## EXERCISE DETAILS
All lines from the top of the records below through the line holding "CJ BANKS NAVY SWIRL REVERSIBLE VEST SIZE 3X", and only those, should be printed exactly, minus the pictures.
____ DATA RECORDS
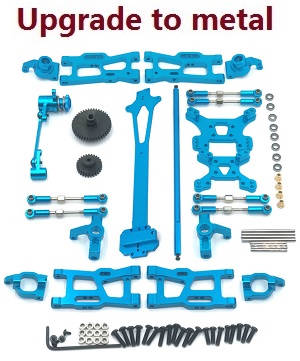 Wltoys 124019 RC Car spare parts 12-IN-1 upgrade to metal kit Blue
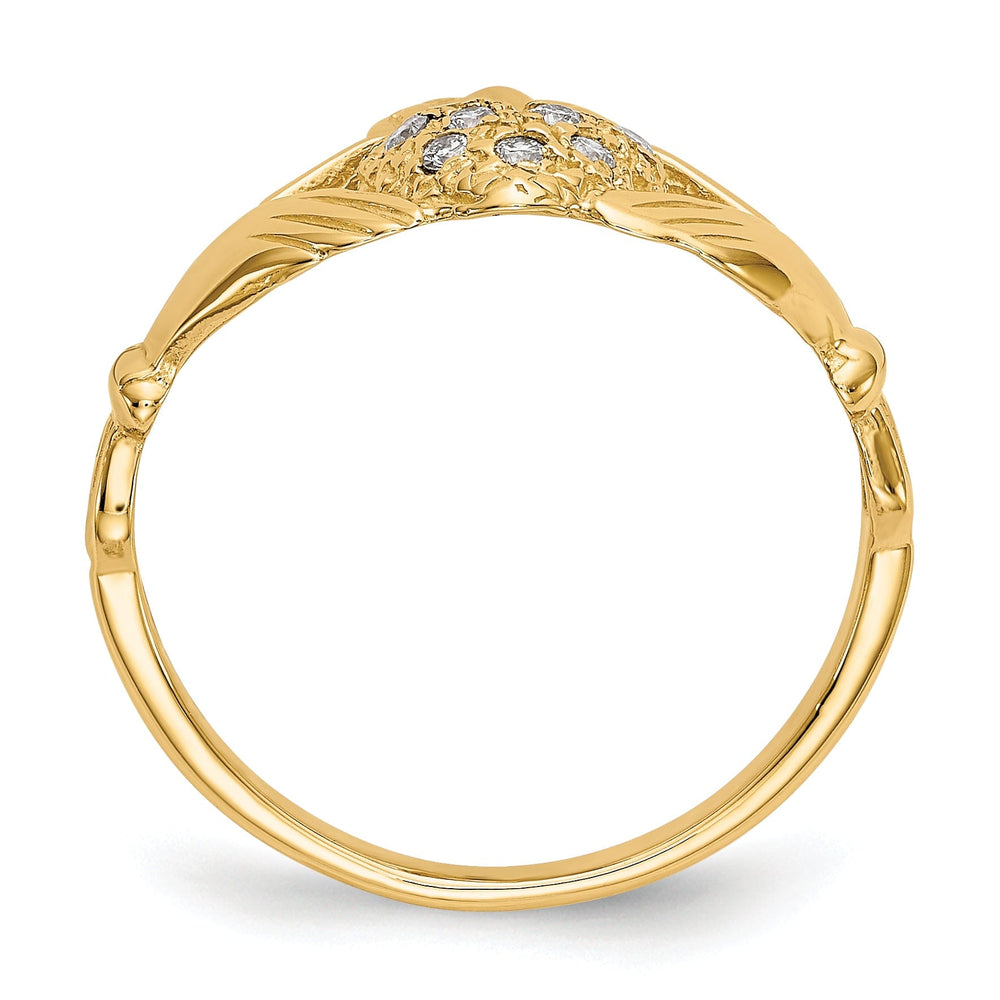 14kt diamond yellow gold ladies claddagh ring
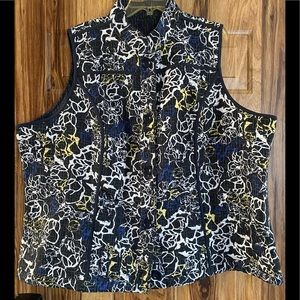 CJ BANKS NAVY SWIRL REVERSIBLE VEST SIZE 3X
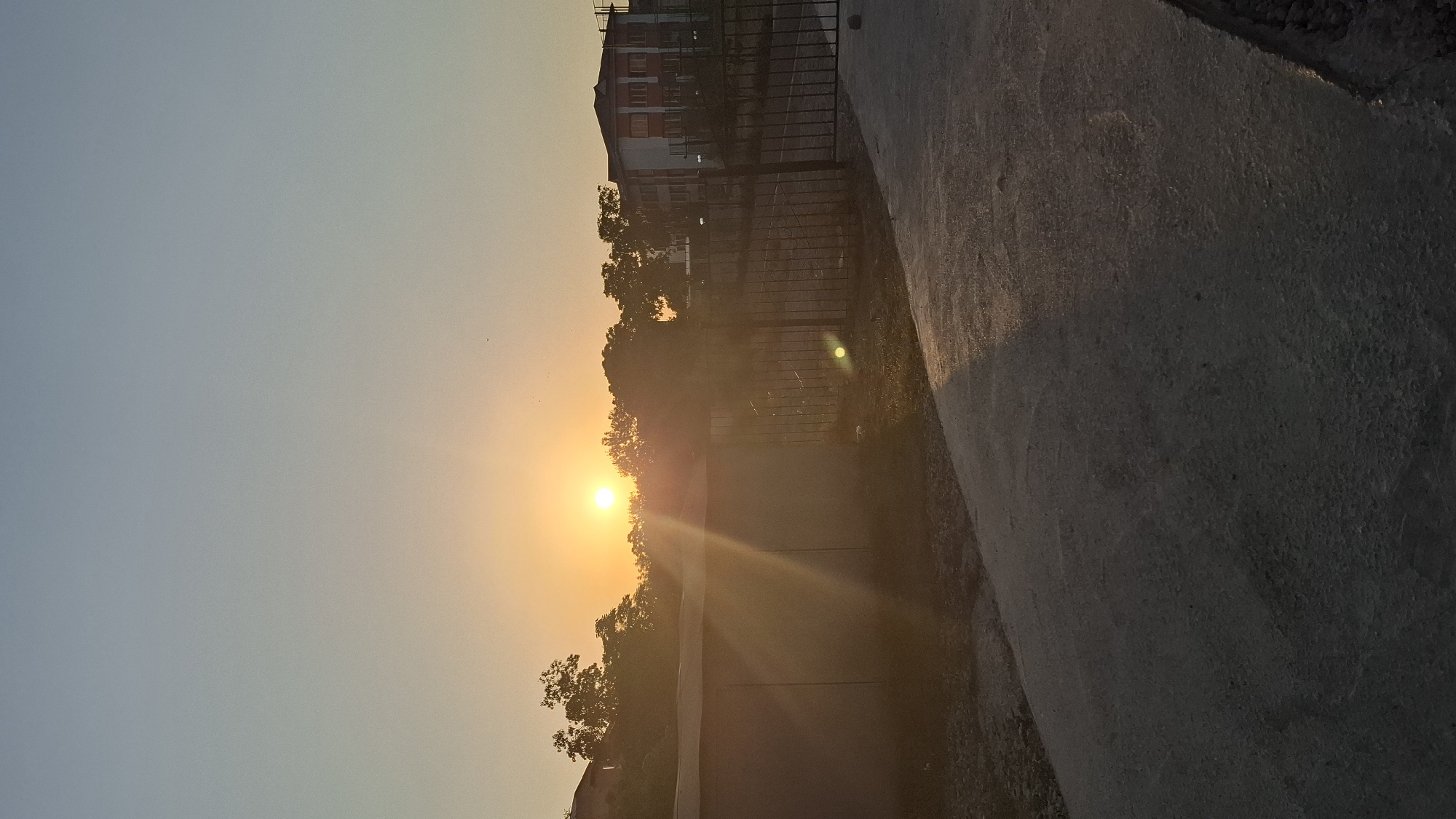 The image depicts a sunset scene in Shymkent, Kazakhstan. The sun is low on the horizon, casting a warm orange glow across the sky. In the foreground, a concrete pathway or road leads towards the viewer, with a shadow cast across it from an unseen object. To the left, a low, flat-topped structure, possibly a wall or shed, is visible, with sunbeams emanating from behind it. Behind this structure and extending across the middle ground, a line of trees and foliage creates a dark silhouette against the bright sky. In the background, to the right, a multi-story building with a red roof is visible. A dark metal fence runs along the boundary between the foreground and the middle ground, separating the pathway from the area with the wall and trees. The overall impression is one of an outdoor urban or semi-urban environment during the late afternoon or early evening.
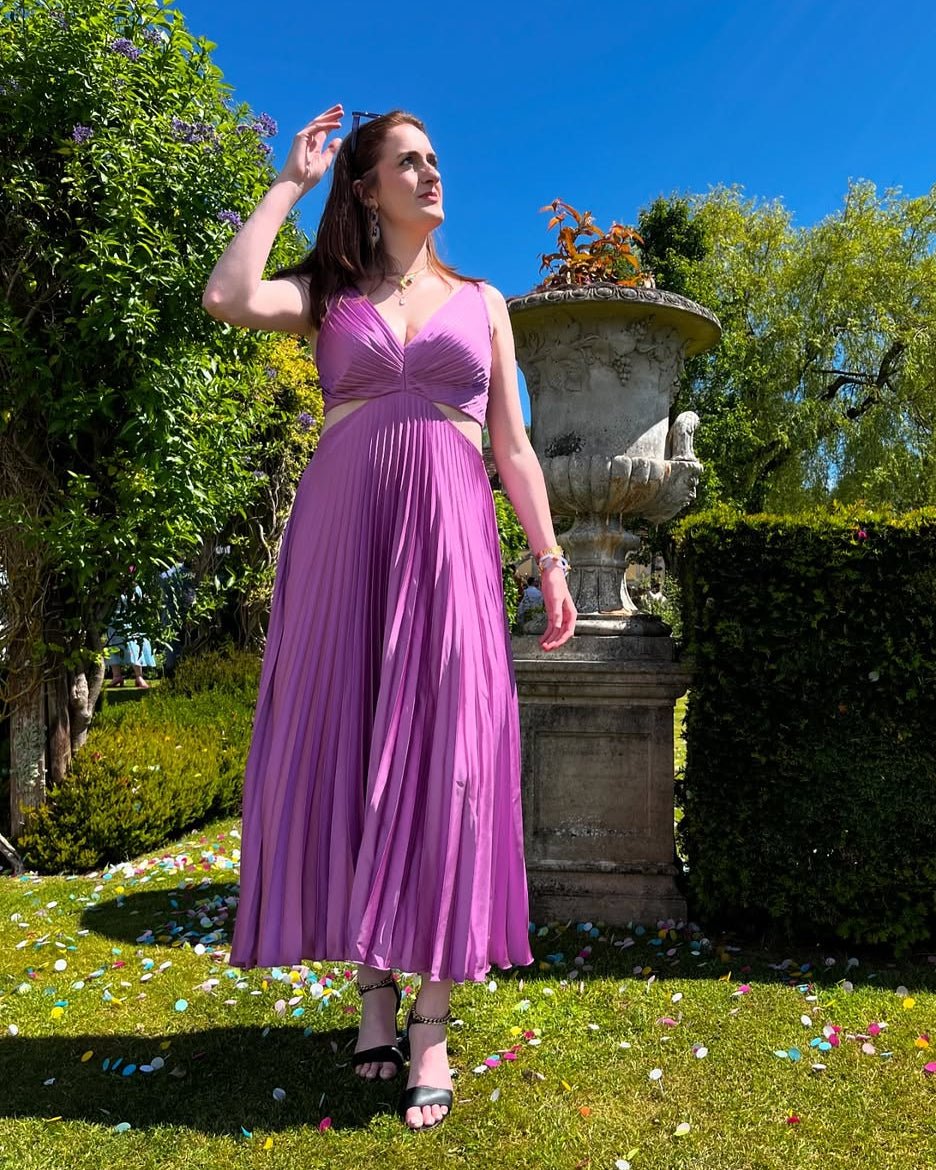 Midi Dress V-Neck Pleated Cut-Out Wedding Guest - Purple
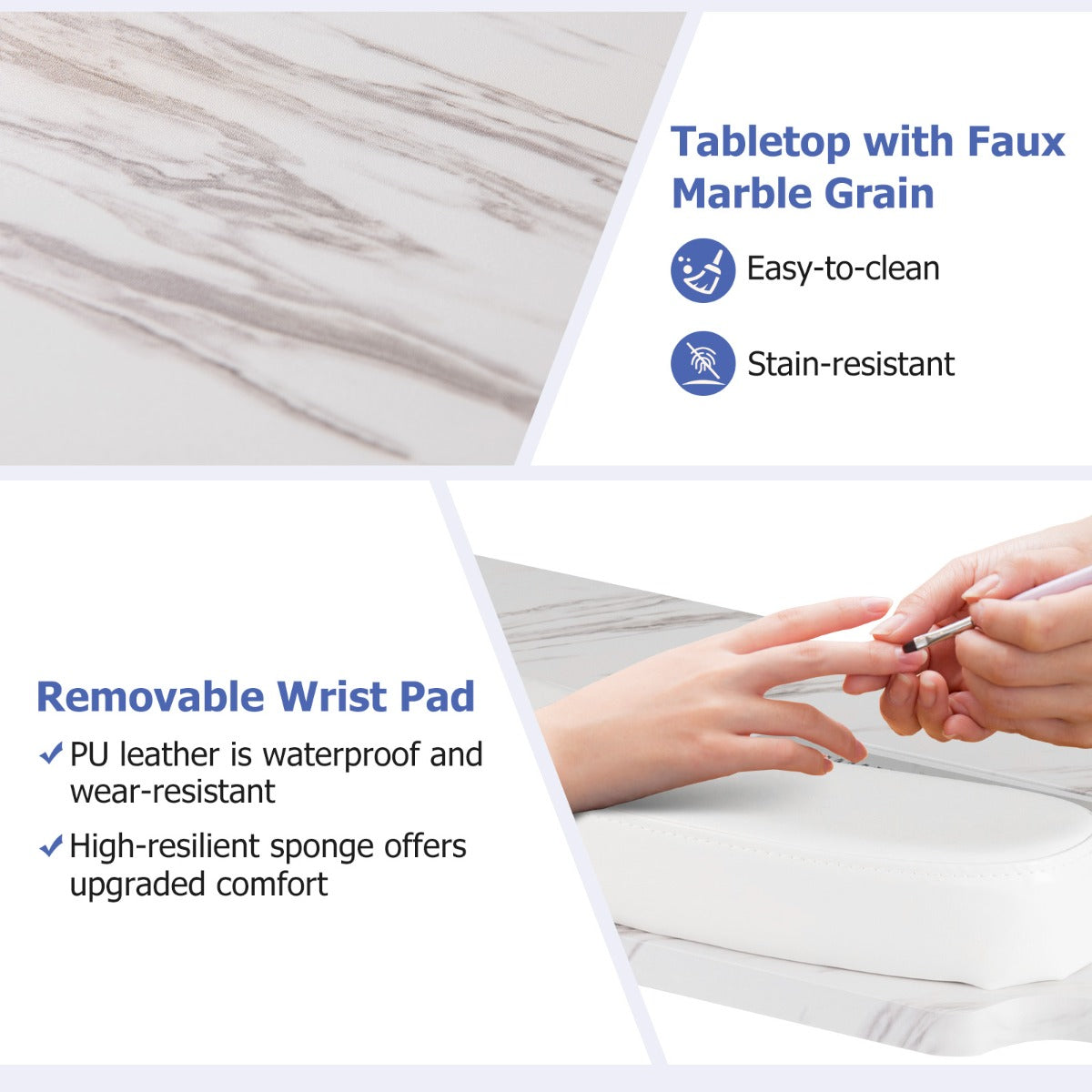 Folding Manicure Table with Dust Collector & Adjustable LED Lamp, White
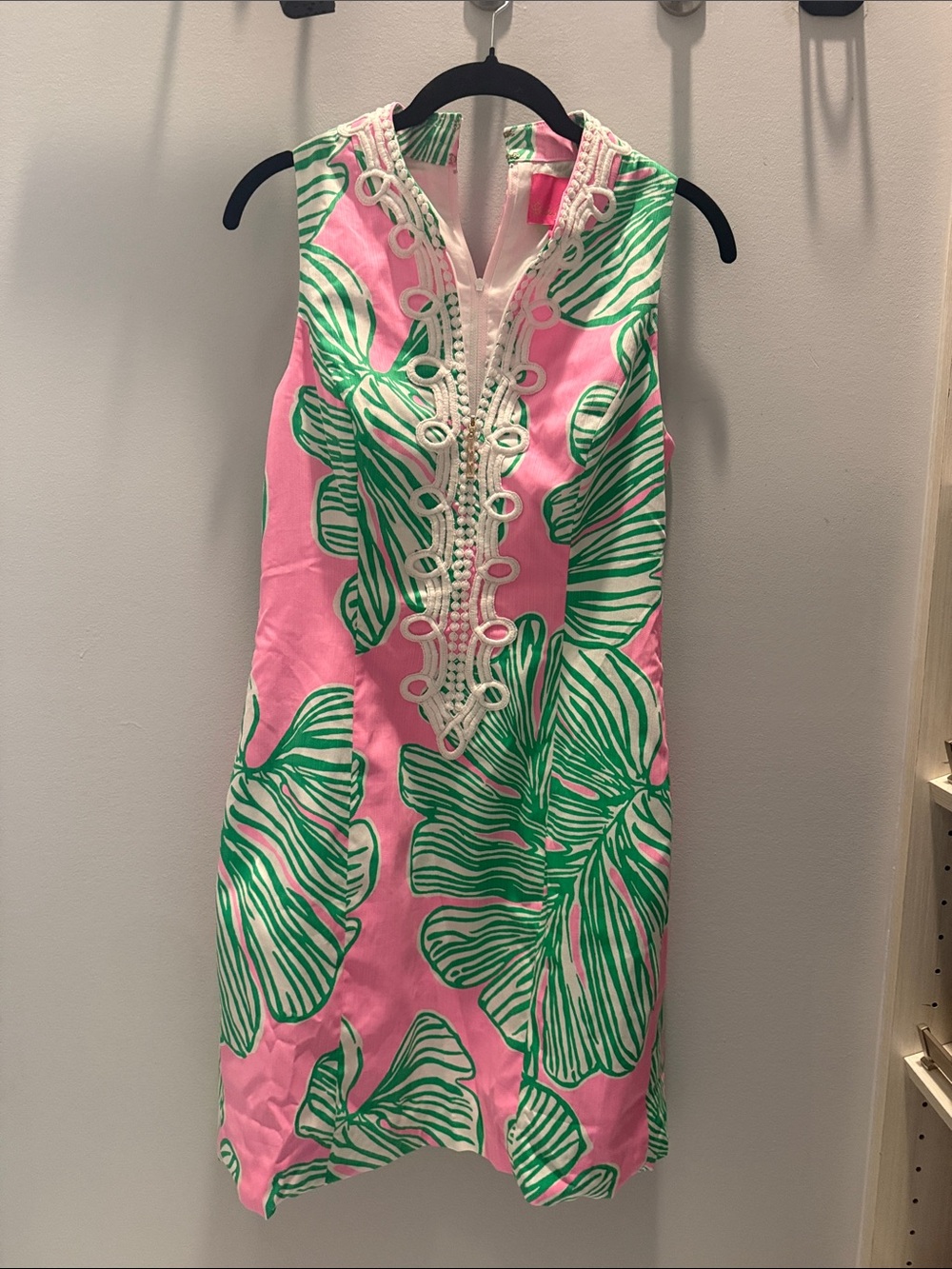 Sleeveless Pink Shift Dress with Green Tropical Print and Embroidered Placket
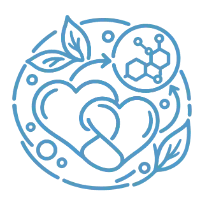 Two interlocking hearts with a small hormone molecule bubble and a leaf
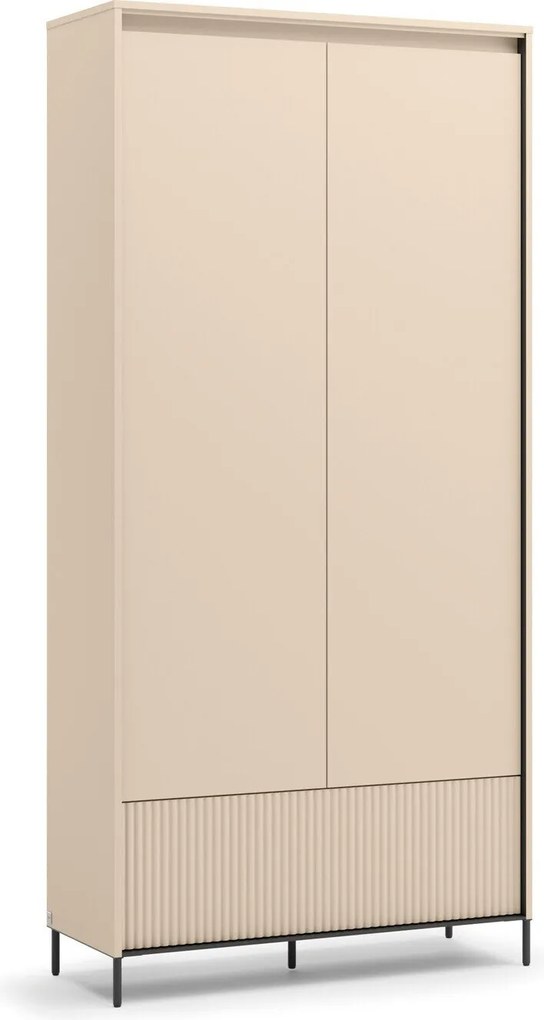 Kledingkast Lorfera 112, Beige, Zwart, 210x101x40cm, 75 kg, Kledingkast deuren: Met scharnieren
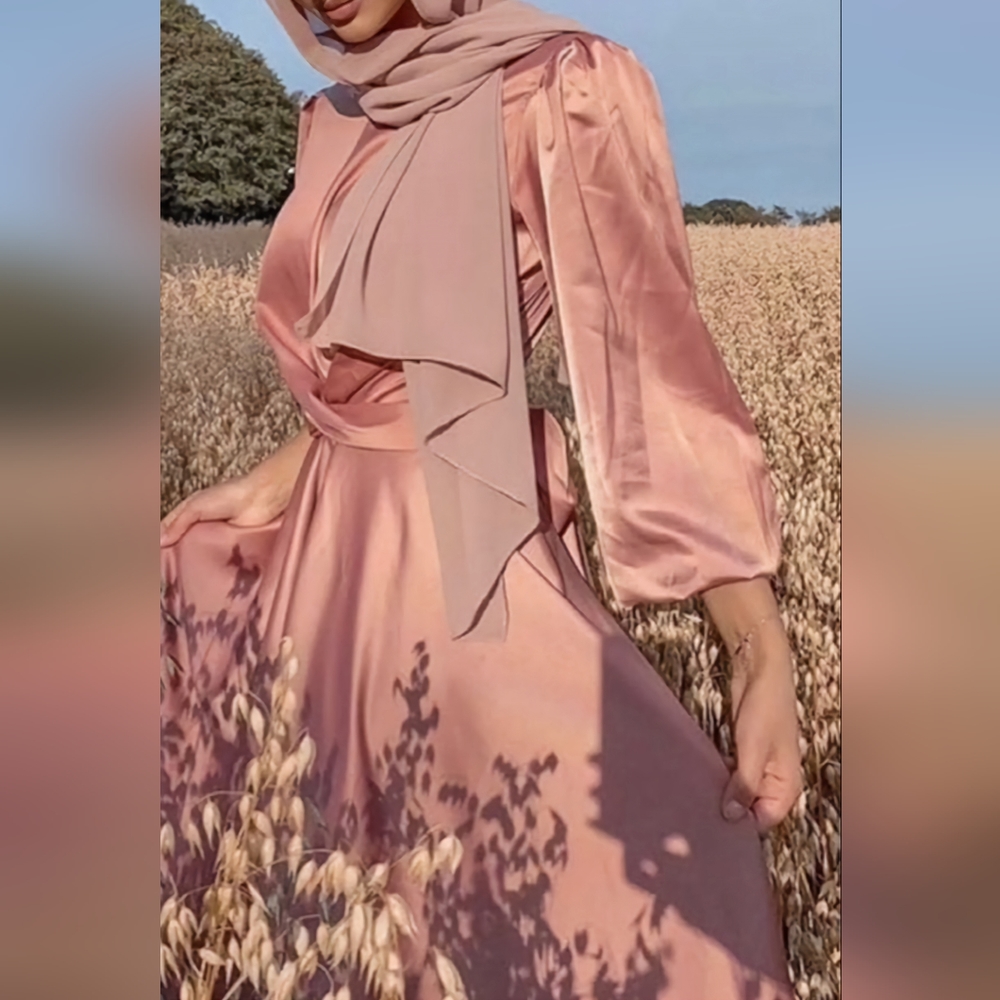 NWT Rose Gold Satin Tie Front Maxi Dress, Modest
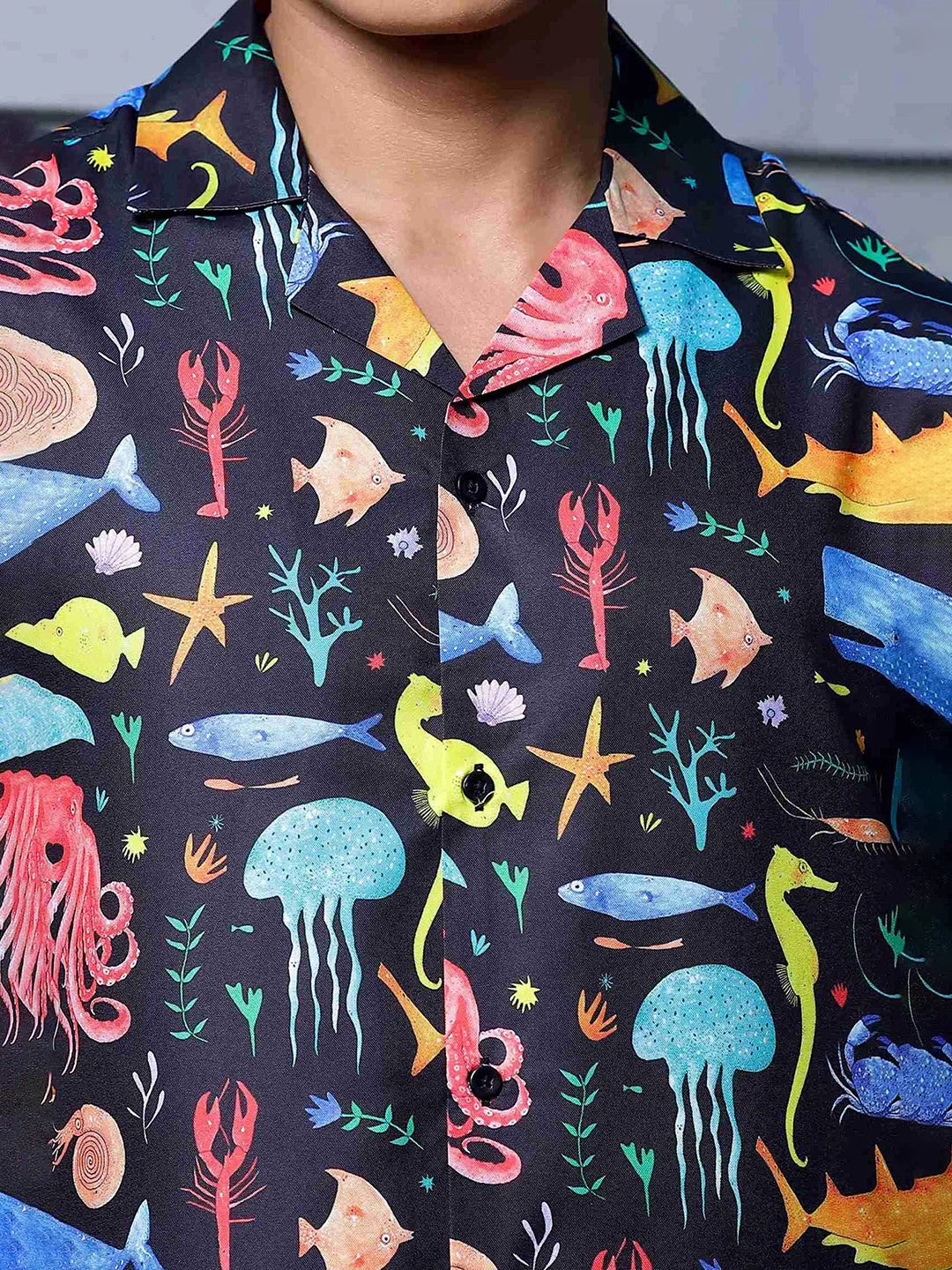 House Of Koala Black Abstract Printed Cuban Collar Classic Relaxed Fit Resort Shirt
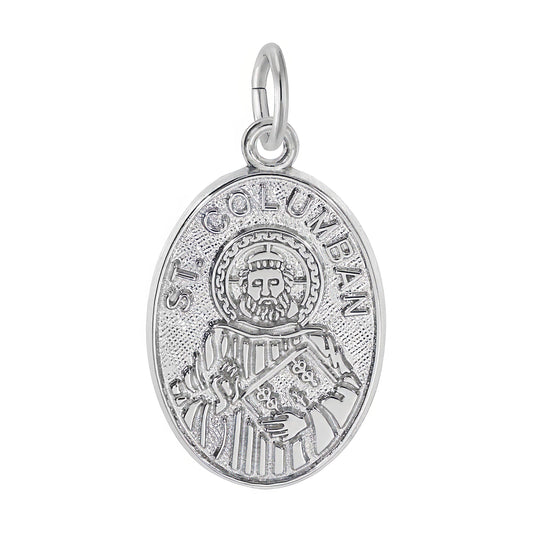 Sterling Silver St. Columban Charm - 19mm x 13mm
________
## EXERCISE RESULT
 Wltoys 124019 RC Car spare parts 12-IN-1 upgrade to metal kit Blue
 14kt diamond yellow gold ladies claddagh ring
 CJ BANKS NAVY SWIRL REVERSIBLE VEST SIZE 3X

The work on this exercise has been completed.